Thank you for reporting this! :-) The problem (or at least this one) is here in the datasource package we're using: https://github.com/jeads/datasource/blob/aab1f00d9533cb043c7e6074a0f01e02814fba2a/datasource/bases/RDBSHub.py#L332 Yet another reason we need to ditch datasource in lieu of using Django's ORM.
Group: mozilla-employee-confidential → webtools-security
Status: UNCONFIRMED → NEW
Ever confirmed: true
Another vulnerable URL - https://treeherder.mozilla.org/api/project/mozilla-central/artifact/?offset=%27abcd My local testing on Django shows that the MySQL adapter allows multiple queries / commands in execute(). Mozilla's setup may be different and not suffer from this which would limit the impact.

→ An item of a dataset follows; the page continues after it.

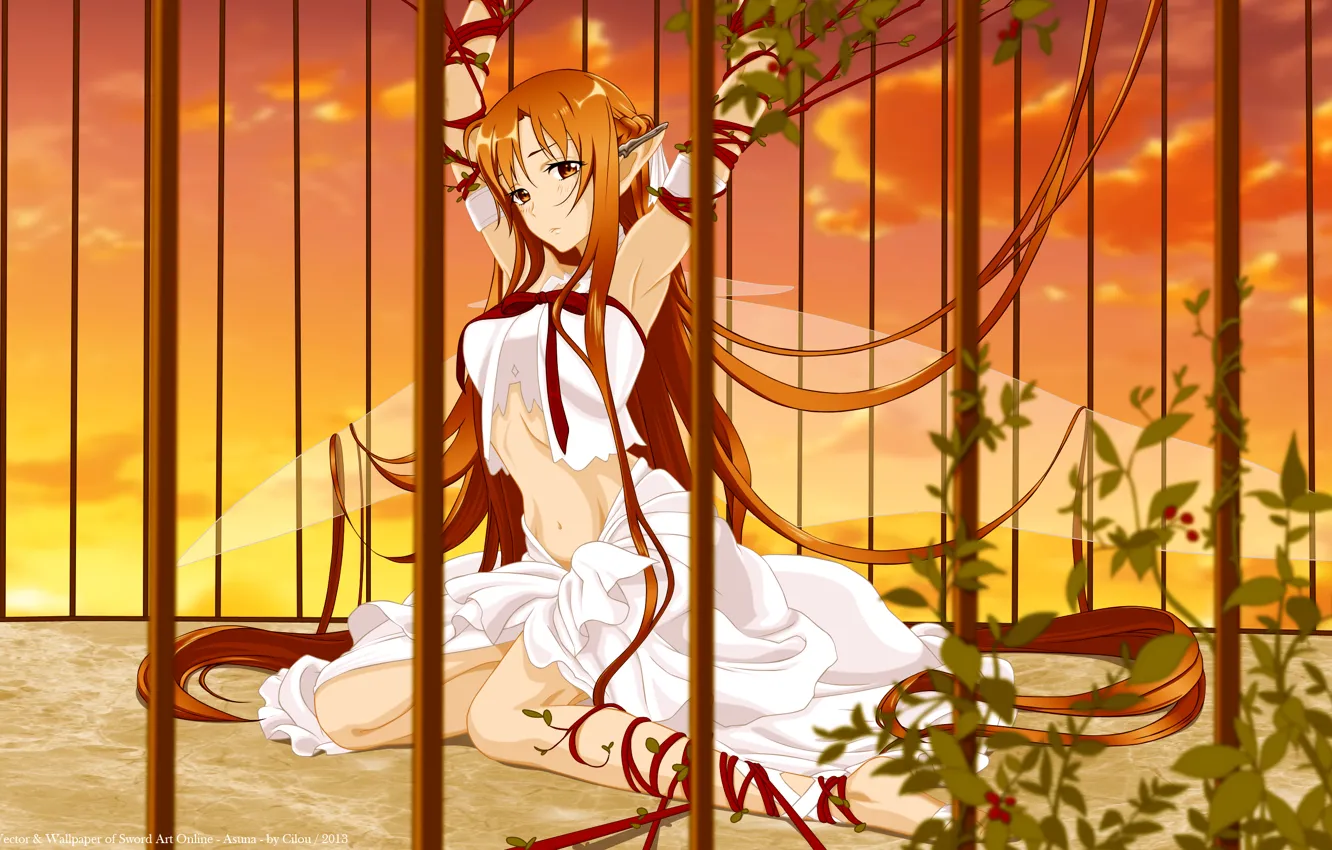 Photo wallpaper the sky, girl, clouds, sunset, tape, elf, wings, cell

Otherwise, the vulnerable SQL query looks like SELECT ... FROM ... LIMIT [sqi], 10; and by setting [sqli] to 1; CREATE / SELECT / UPDATE ... ;# you will be able to execute arbitrary queries as the db user, possibly obtaining a webshell through 'SELECT ... INTO OUTFILE /somewhere/in/webroot' . I used the the following to test on my local install 1; CREATE TABLE foo (bar INT);# then checked for the existence of foo.
(In reply to Ed Morley [:emorley] from comment #2) > Thank you for reporting this! :-) > > The problem (or at least this one) is here in the datasource package we're > using: > https://github.com/jeads/datasource/blob/ > aab1f00d9533cb043c7e6074a0f01e02814fba2a/datasource/bases/RDBSHub.py#L332 > > Yet another reason we need to ditch datasource in lieu of using Django's ORM. Ah, thanks for the additional information. I was under the assumption that you were using the Django functions for raw sql. You can ignore most of comment 3 :)

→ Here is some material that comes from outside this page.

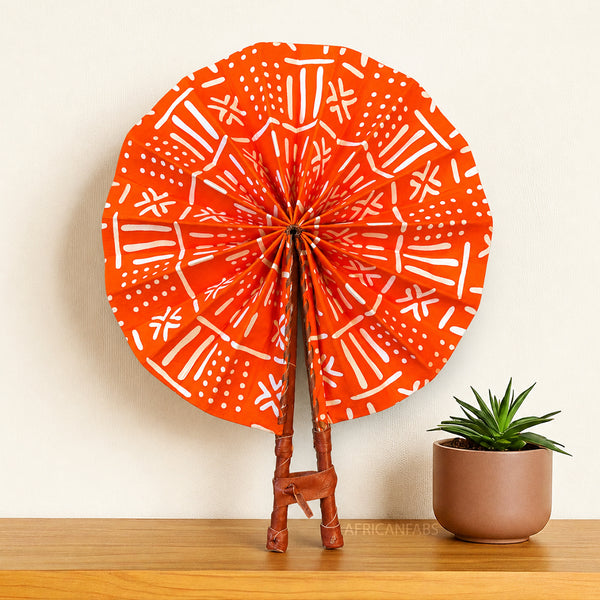 Abanico africano - Abanico estampado Ankara - Kwadwo - naranja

Well, we should of course be casting the API param too - but I think datasource should handle this - otherwise who would ever want to use it over stored procedures :-/ What worries me is how many other nuggets like this are lurking in datasource/our use of it :-S
* Correctly use the 'offset' param instead of 'limit', since the wrong parameter was being substituted. * Cast the limit and offset parameters to int, to prevent SQL injection if those parameters were not sanitised in the app. Note: This intentionally removes the ability to pass a limit string of say "100,200" to Datasource - since IMO the offset parameter makes this redundant (and now the offset param is fixed we can actually use it). We'll need to make Treeherder switch to the latest datasource at the same time as changing the limit params to instead be a combination of limit+offset.
Assignee: nobody → emorley
Status: NEW → ASSIGNED
Attachment #8632708 - Flags: review?(mdoglio)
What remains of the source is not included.